Below, find the line containing "31, 5:40 am" and the line containing "Clique - Basic"; reproduce exactly those two and every line between them, omitting pictures.

[INFORMATION]
====
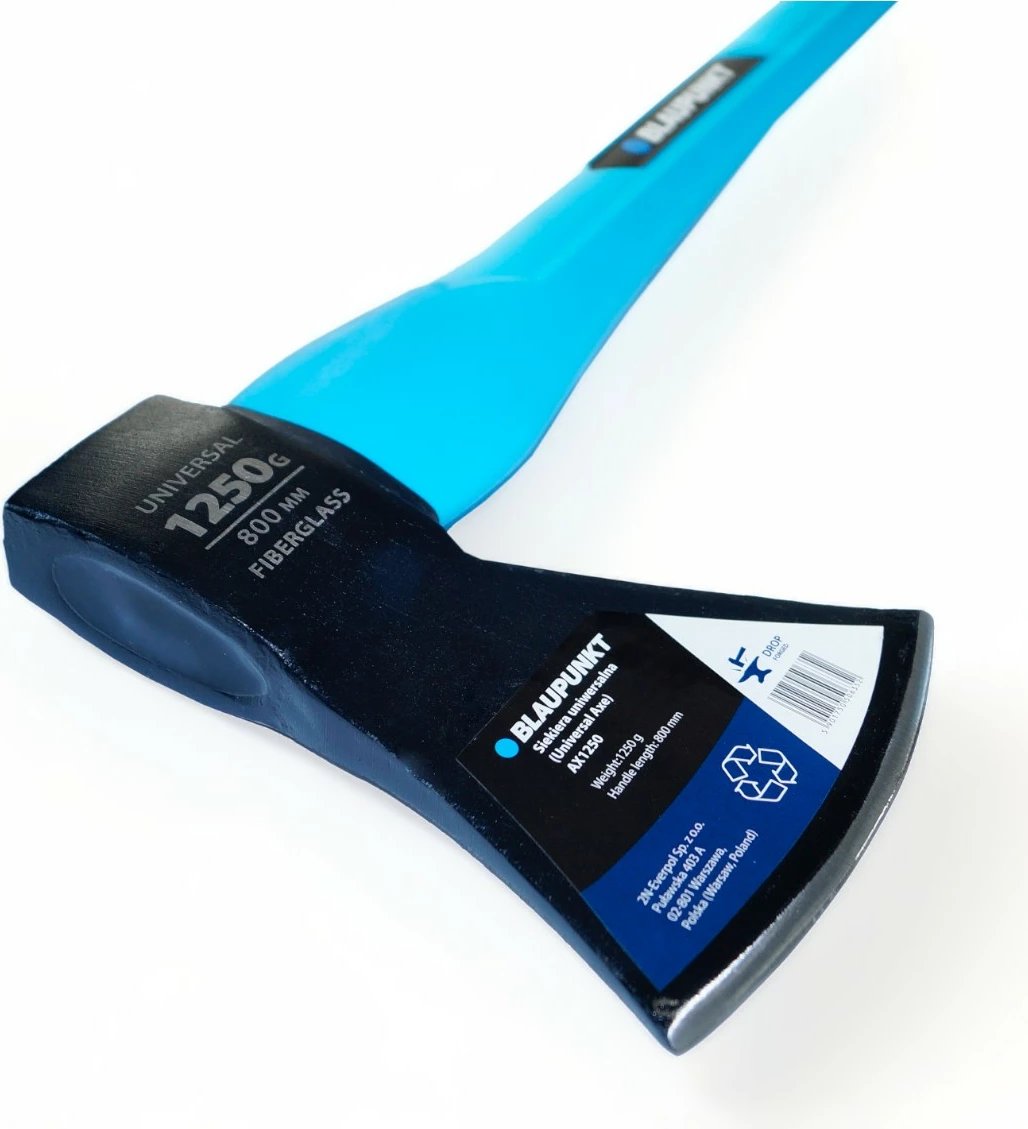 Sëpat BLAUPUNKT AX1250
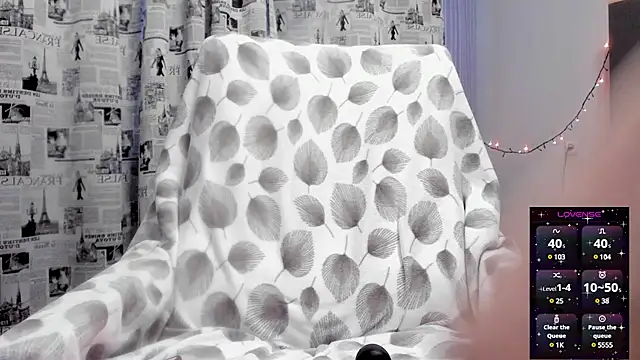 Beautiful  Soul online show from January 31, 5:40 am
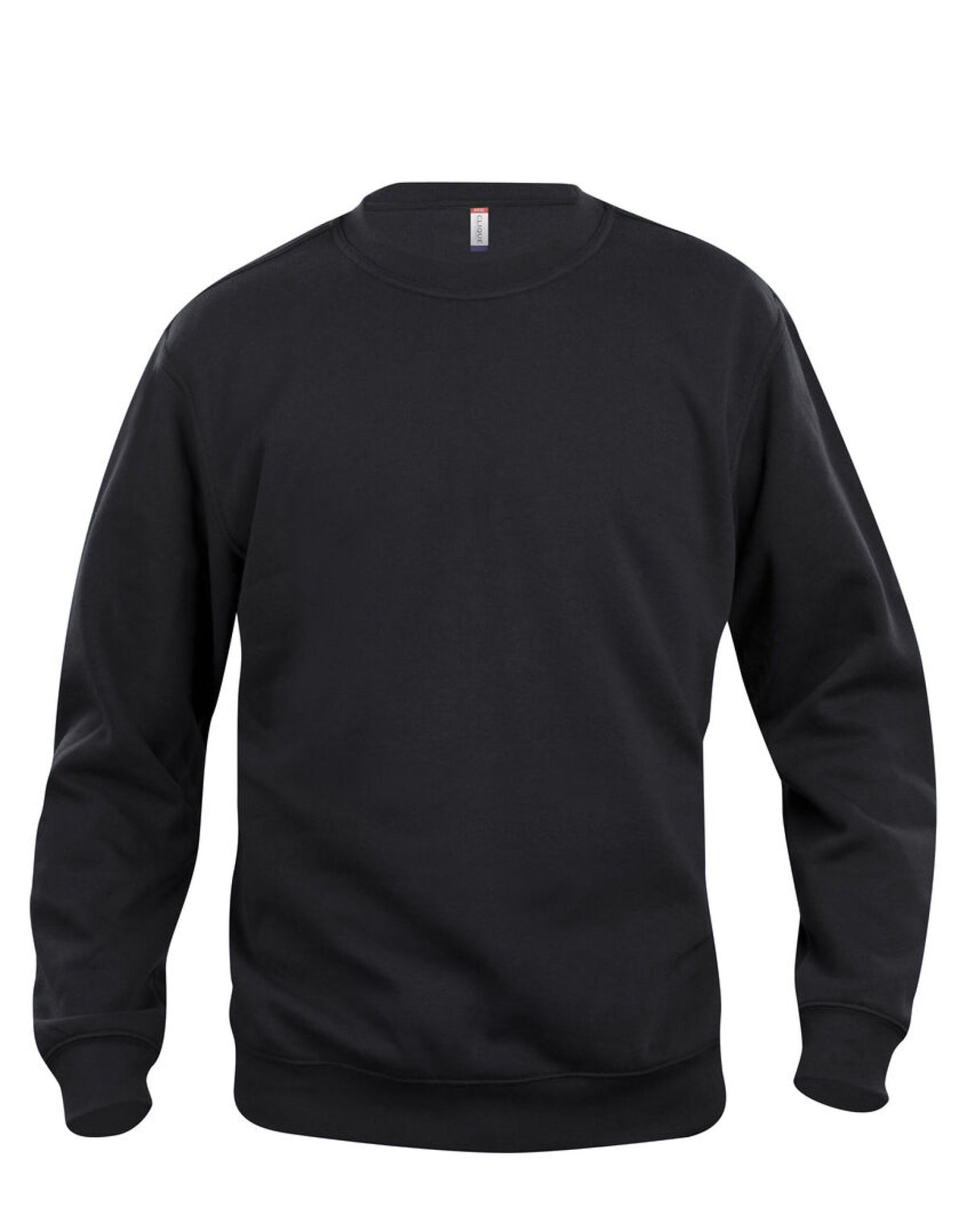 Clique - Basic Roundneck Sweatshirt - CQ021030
====
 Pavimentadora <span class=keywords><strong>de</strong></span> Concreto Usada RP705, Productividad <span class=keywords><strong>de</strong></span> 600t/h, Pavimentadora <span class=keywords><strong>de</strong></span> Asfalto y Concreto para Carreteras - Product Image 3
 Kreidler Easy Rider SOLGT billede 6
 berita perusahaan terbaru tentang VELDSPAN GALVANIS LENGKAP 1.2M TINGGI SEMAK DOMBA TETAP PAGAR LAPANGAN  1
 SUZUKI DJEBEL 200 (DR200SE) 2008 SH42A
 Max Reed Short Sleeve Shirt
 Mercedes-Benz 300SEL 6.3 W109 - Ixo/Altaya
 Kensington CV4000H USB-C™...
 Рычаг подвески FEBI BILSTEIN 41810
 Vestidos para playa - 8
====
[WRITTEN ANSWER]
 Beautiful  Soul online show from January 31, 5:40 am
 Clique - Basic Roundneck Sweatshirt - CQ021030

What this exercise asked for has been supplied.